More than ten local families have now created new livelihoods, harvesting, chopping and transporting the weed and delivering it to the power station, where it is sun-dried before being fed into the gasifier. However, the cost of fuel is adding some 20% more than it should to the final cost of electricity produced. Biomass costs may well vary from region to region but the empirical finding is that they are certainly a significant component of the cost of electricity generation and must be contained to keep DESI Power competitive. Solutions are being sought to reduce these costs.
   
The Economics of an IRPP
  
The plant can be satisfactorily operated and maintained by three personnel - one operator and two assistants - per shift. The plant is generally operated in two shifts.
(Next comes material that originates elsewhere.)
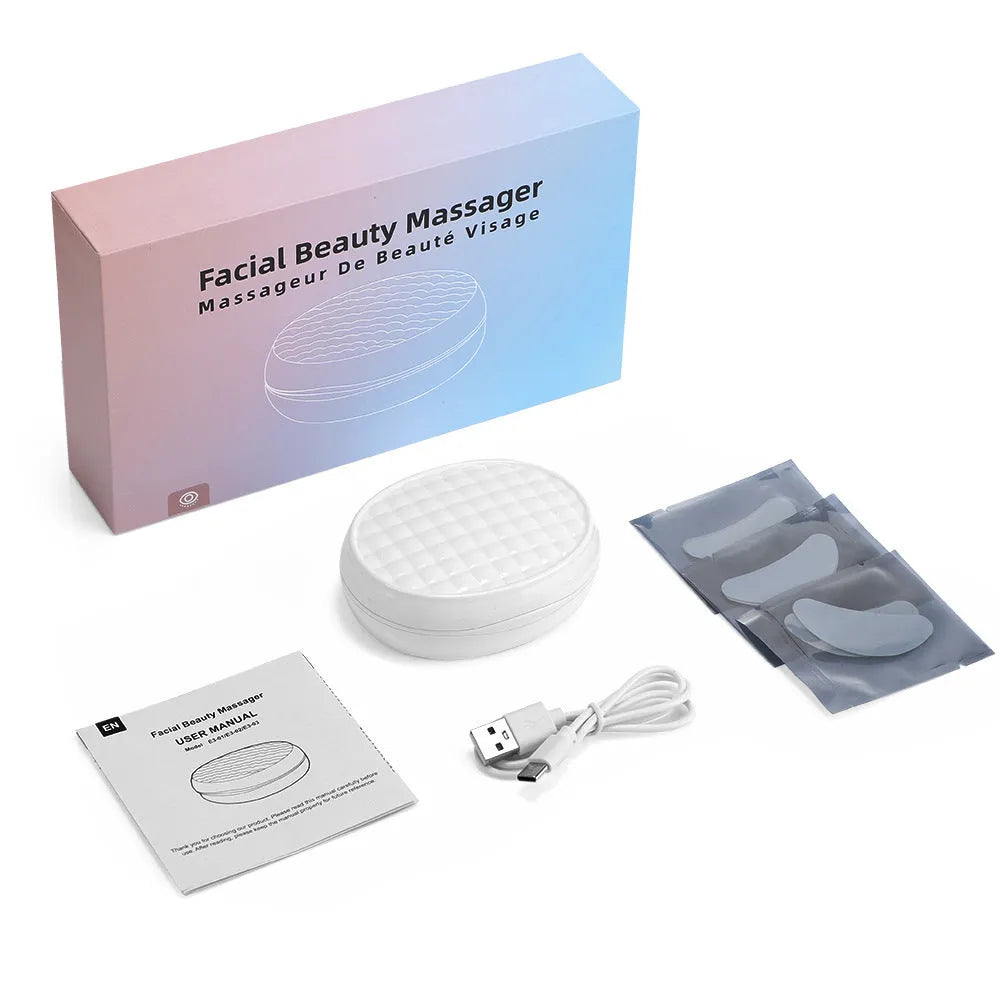 White wireless red light EMS eye and facial massager for home beauty treatment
Local people, with minimum education can be trained and employed for the tasks. DPO triggered employment of more than 100 workers in the factories that purchase electricity from it.
   
Over the past three years, the gasifier has logged about 5,000 hours of operation, running nearly 10-12 hours per day during normal operation. The percentage of diesel replaced by gas depends on the plant load factor. It has been recorded as high as 85%, though the average is currently about 75 per cent. Competitive pricing of electricity will require DESI Power stations to maintain an average of well above 80%.
    
The extensive and thorough testing of the technology at DPO has provided detailed operational and maintenance data which will be invaluable for designing future plants. It has also led to significant modifications and improvements in the system, so as to make the technology more robust, safe and suitable for field applications.
   
Provided investment capital is obtained on terms similar to those available to large IPPs, DPO has clearly shown that the cost of electricity produced by such a plant can be highly competitive with conventional systems. The two most sensitive determinants of production cost have been confirmed to be: i) the cost of biomass fuel and ii) the plant load factor achieved. The cost of biomass fuel has been discussed above. The higher the plant load factor, the lower the production cost for two reasons: first, because it spreads the costs of capital and overheads over a larger quantity of electricity and second, because it raises the diesel replacement rate, reducing the use of costly diesel fuel.
  
As shown both by the theoretical calculations and the actual experience of DPO, plant load factor (PLF, another term for capacity utilisation) is a critical parameter to which the economics of power generation is extremely sensitive. This is so for large power plants, but even more so for small ones. The breakeven PLF for DPO is between 50% and 60%. Above 60%, DPO will be highly competitive and able to sell electricity at prices below the grid. Even with less than the very low 40% load factor, very high biomass cost, and lower than optimum diesel replacement caused by large variations in the plant load, the cost of electricity has worked out to be in the range Rs.4.00 to Rs 4.50 per kWH, which is quite competitive with electricity from the grid.
   
The Future
   
Efforts are being made to raise the PLF at Orchha by adding new clients and industries with energy-intensive applications, reducing the high fluctuations in some of the loads (e.g., the calendaring machine in the paper unit) and staggering certain activities.
   
The co-generated heat from the exhaust of the diesel engines in the DPO plant is fed to the drying rooms of the paper unit, adding value and improving its economics. Other applications for the heat from the gasifier and the diesel engines are being investigated to improve its utilisation further. One of the most attractive options appears to be cold storage units based on the waste heat.
   
Environmentally, DPO has generally surpassed expectations. Treatment for the waste water from the cooling-cum-cleaning unit which contains contaminants is constantly being improved to permit the effluent to be discharged into the surroundings with some dilution.